_HOW TO COMPLETE THIS TASK_
Every line from the one with "SC license plate AGI097" up to and including the one with "Bisexual Rights Are" is to be output exactly as it appears below; pictures are not.

_MATERIAL FOR THIS EXERCISE_
.....

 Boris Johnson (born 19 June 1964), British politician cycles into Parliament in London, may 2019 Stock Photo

.....

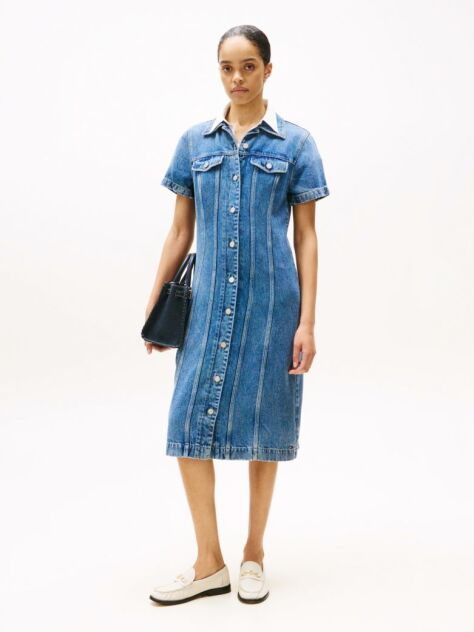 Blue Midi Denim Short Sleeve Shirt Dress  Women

.....

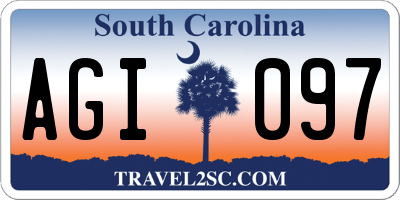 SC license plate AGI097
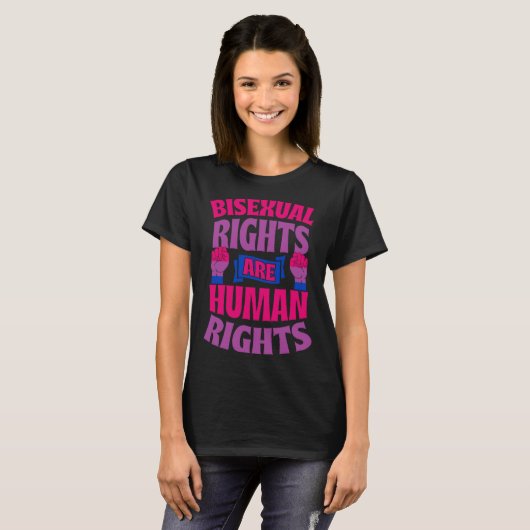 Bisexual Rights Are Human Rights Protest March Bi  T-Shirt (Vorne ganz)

.....

_EXERCISE RESULT_
 SC license plate AGI097
 Bisexual Rights Are Human Rights Protest March Bi  T-Shirt (Vorne ganz)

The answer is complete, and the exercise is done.